*Exercise requirements*
Which lines run from the line with "Venusluxodomme online show from 11, 3, 2026" to the end of the entries? Write out exactly those, leaving out the pictures.

[Scraped caption text data]
::::::::

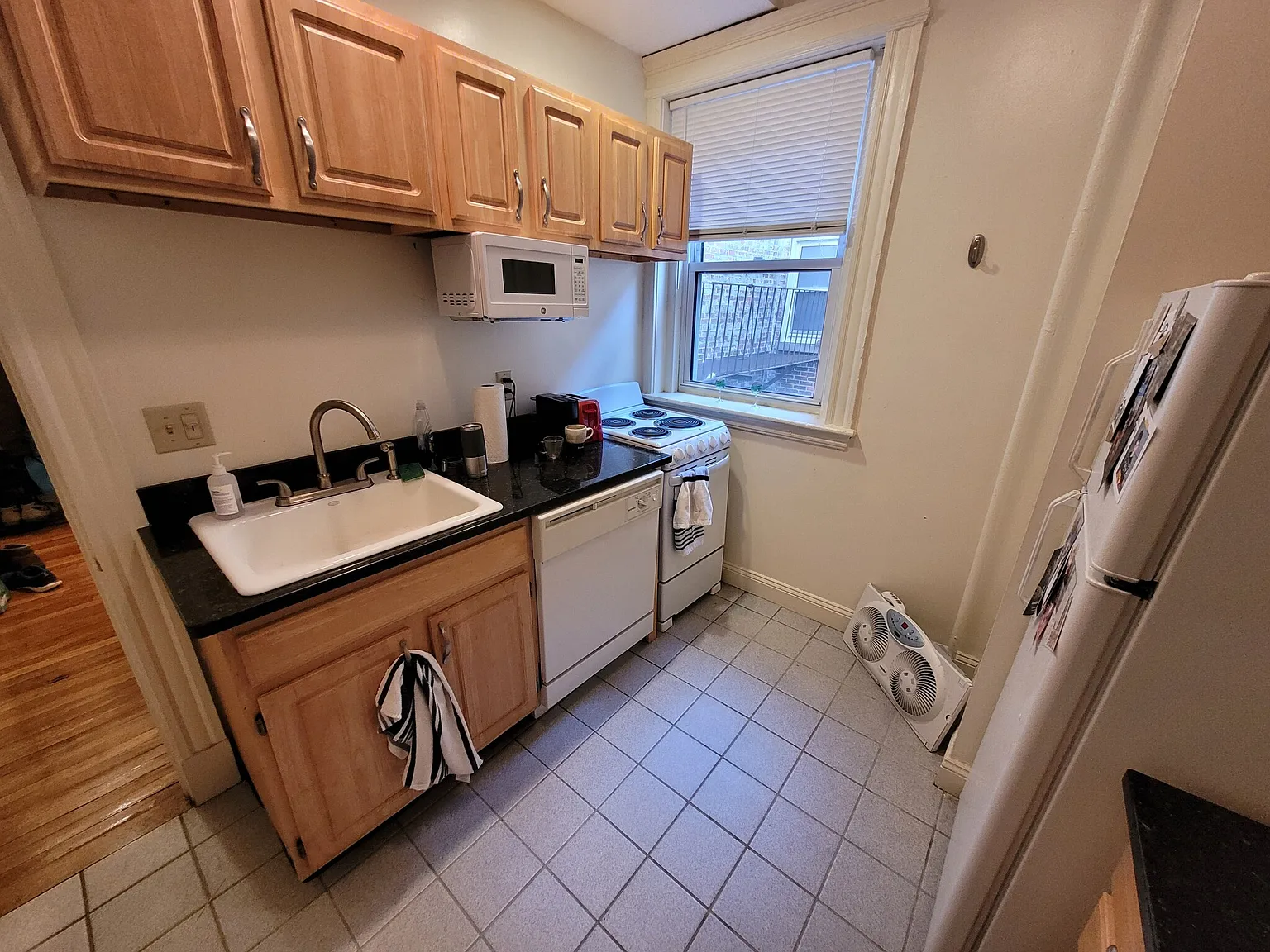 1 bed, 1.0 bath, $2,650 — Photo 4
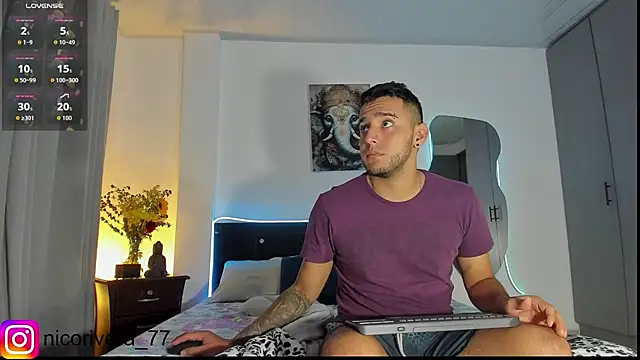 Emma Nico online show from 20, 4, 2026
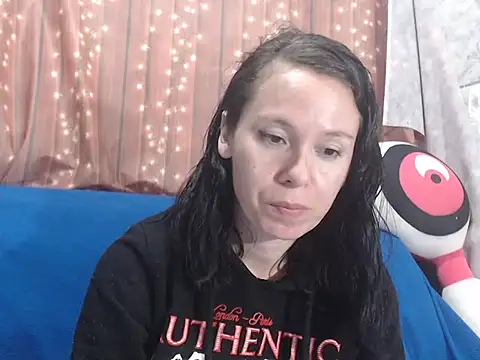 Venusluxodomme online show from 11, 3, 2026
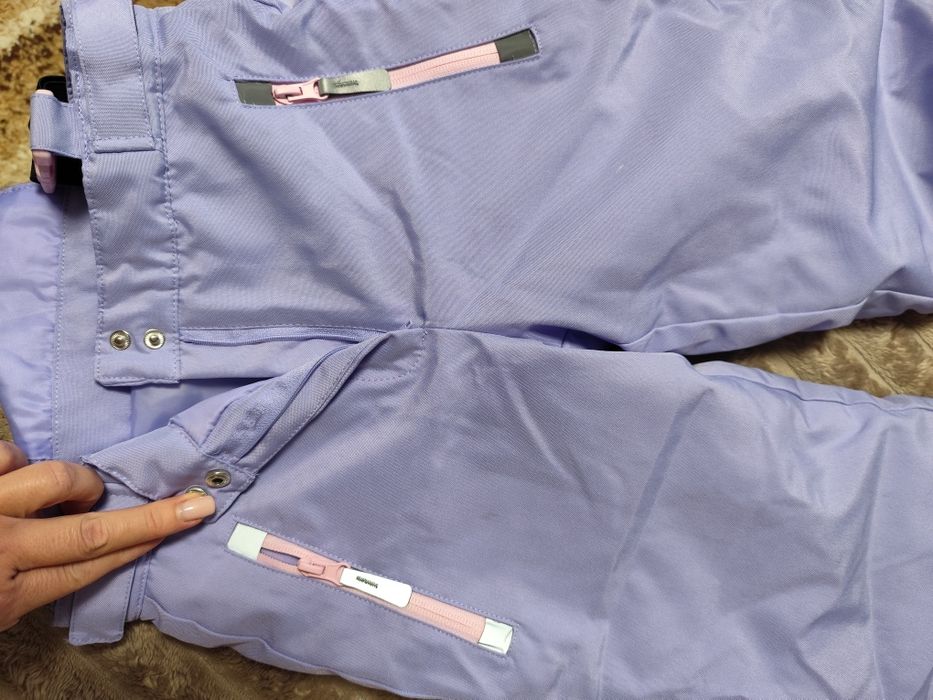 Продам,зимовий,непромокаючий дитячий напівкомбінезон.Розмір 116-122 см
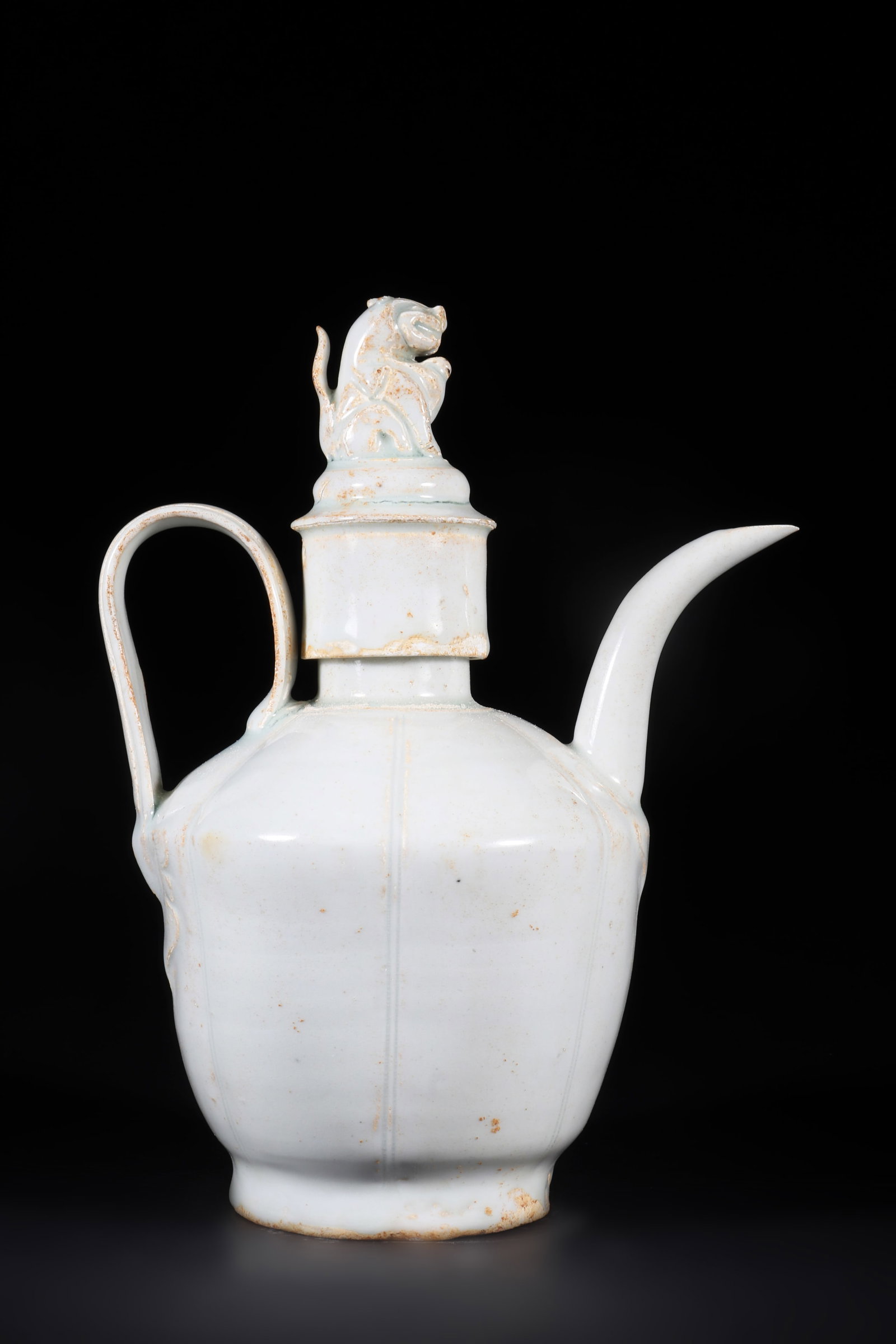 A White Glazed Wine Pot - 2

::::::::

*Response to this exercise*
 Venusluxodomme online show from 11, 3, 2026
 Продам,зимовий,непромокаючий дитячий напівкомбінезон.Розмір 116-122 см
 A White Glazed Wine Pot - 2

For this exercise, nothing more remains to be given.